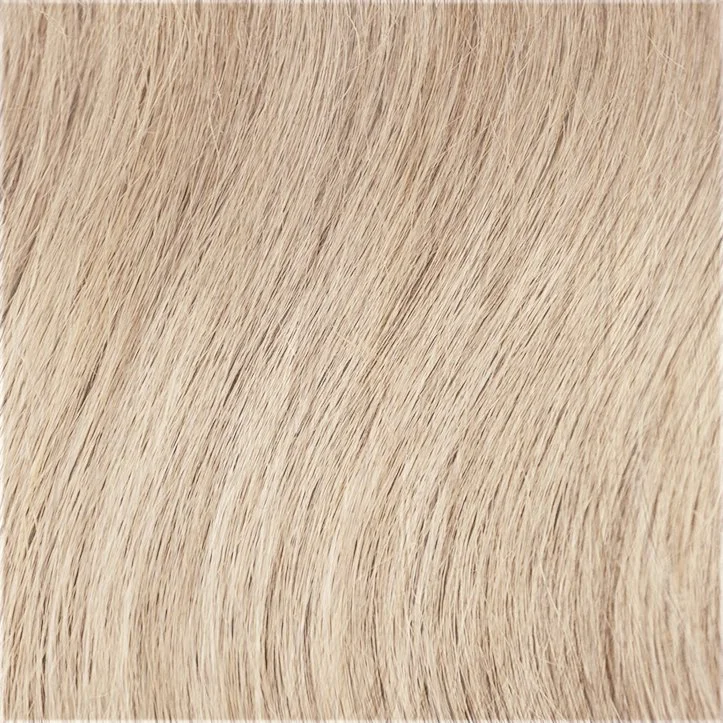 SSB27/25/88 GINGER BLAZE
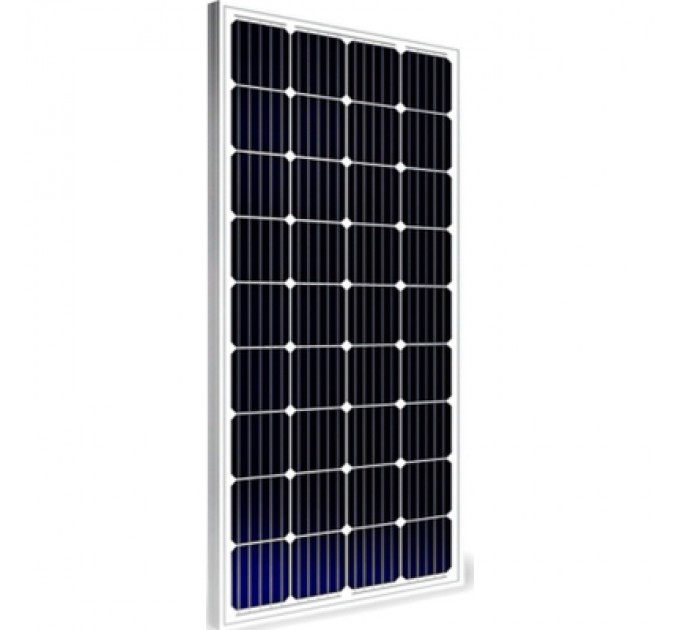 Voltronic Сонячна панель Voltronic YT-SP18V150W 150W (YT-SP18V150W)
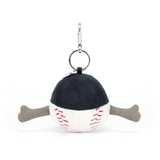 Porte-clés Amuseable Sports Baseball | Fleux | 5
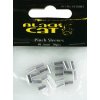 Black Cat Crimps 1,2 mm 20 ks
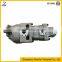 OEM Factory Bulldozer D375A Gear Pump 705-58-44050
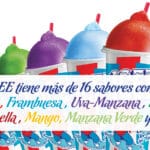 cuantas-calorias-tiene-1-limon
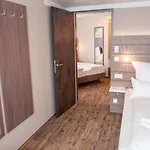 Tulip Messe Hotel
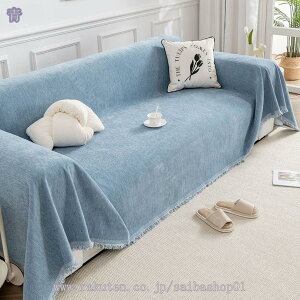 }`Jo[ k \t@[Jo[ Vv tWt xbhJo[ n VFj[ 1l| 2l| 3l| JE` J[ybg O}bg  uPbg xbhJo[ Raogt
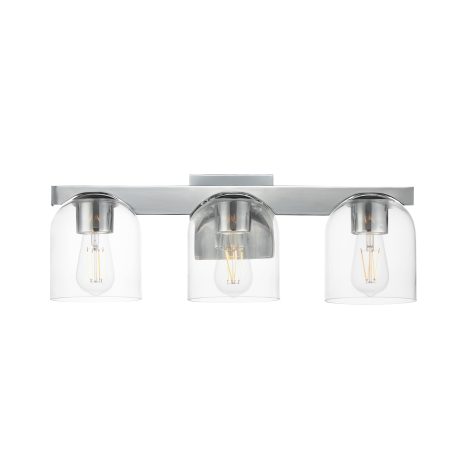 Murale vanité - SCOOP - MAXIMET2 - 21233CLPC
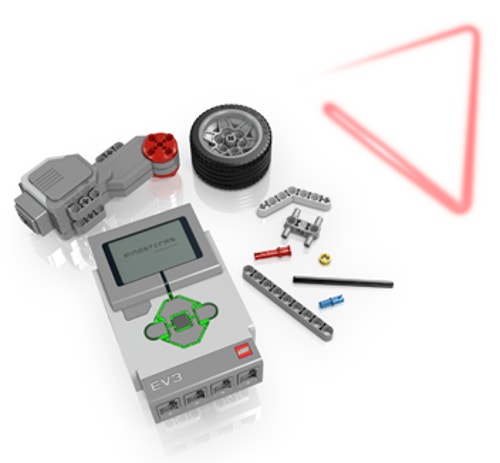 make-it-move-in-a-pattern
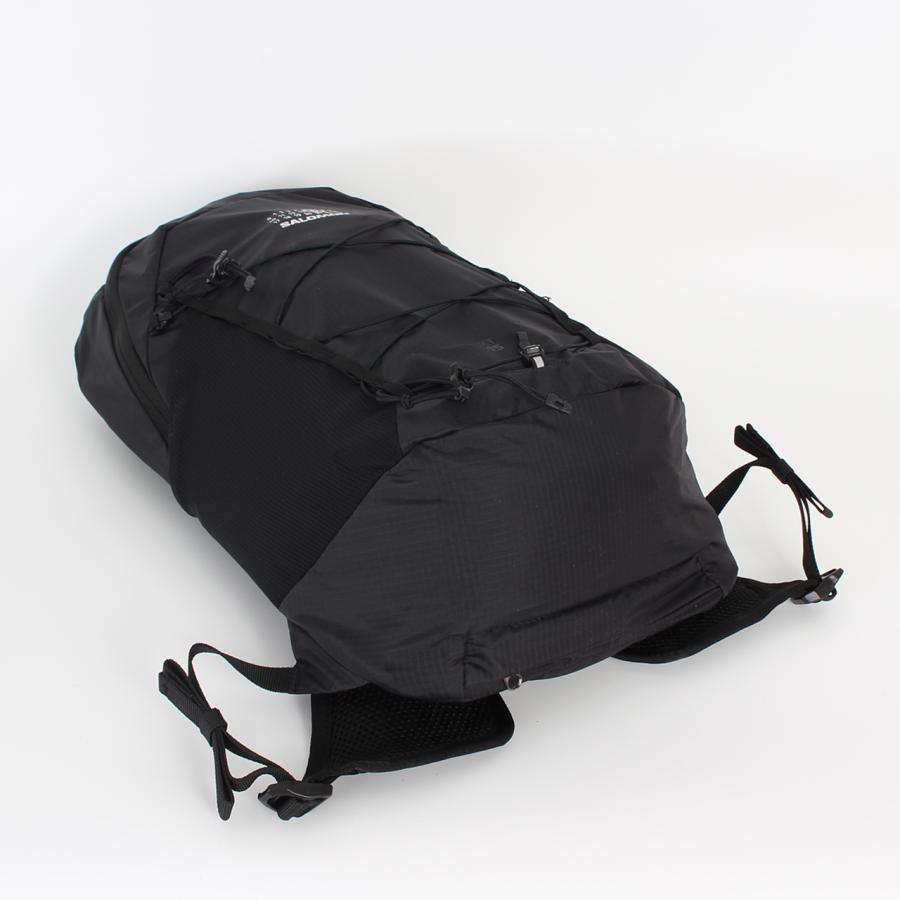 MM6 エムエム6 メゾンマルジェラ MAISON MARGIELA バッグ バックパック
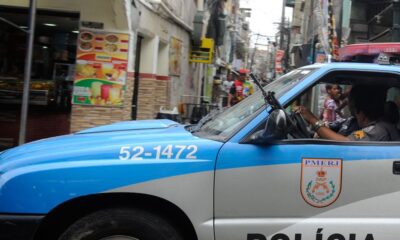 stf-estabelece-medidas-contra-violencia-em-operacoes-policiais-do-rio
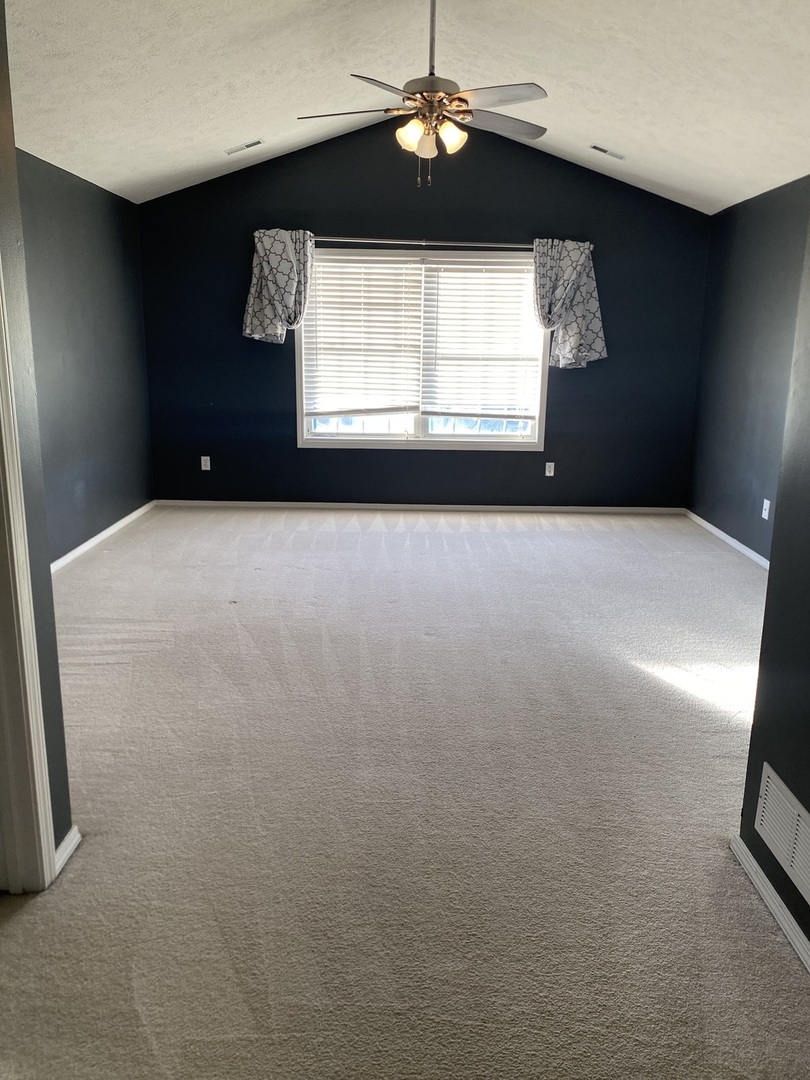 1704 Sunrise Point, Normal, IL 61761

**Task to carry out:** Repeat each line of the records exactly, dropping the pictures.

**Task output:**
 SSB27/25/88 GINGER BLAZE
 Voltronic Сонячна панель Voltronic YT-SP18V150W 150W (YT-SP18V150W)
 Porte-clés Amuseable Sports Baseball | Fleux | 5
 Black Cat Crimps 1,2 mm 20 ks
 OEM Factory Bulldozer D375A Gear Pump 705-58-44050
 cuantas-calorias-tiene-1-limon
 Tulip Messe Hotel
 }`Jo[ k \t@[Jo[ Vv tWt xbhJo[ n VFj[ 1l| 2l| 3l| JE` J[ybg O}bg  uPbg xbhJo[ Raogt
 Murale vanité - SCOOP - MAXIMET2 - 21233CLPC
 make-it-move-in-a-pattern
 MM6 エムエム6 メゾンマルジェラ MAISON MARGIELA バッグ バックパック
 stf-estabelece-medidas-contra-violencia-em-operacoes-policiais-do-rio
 1704 Sunrise Point, Normal, IL 61761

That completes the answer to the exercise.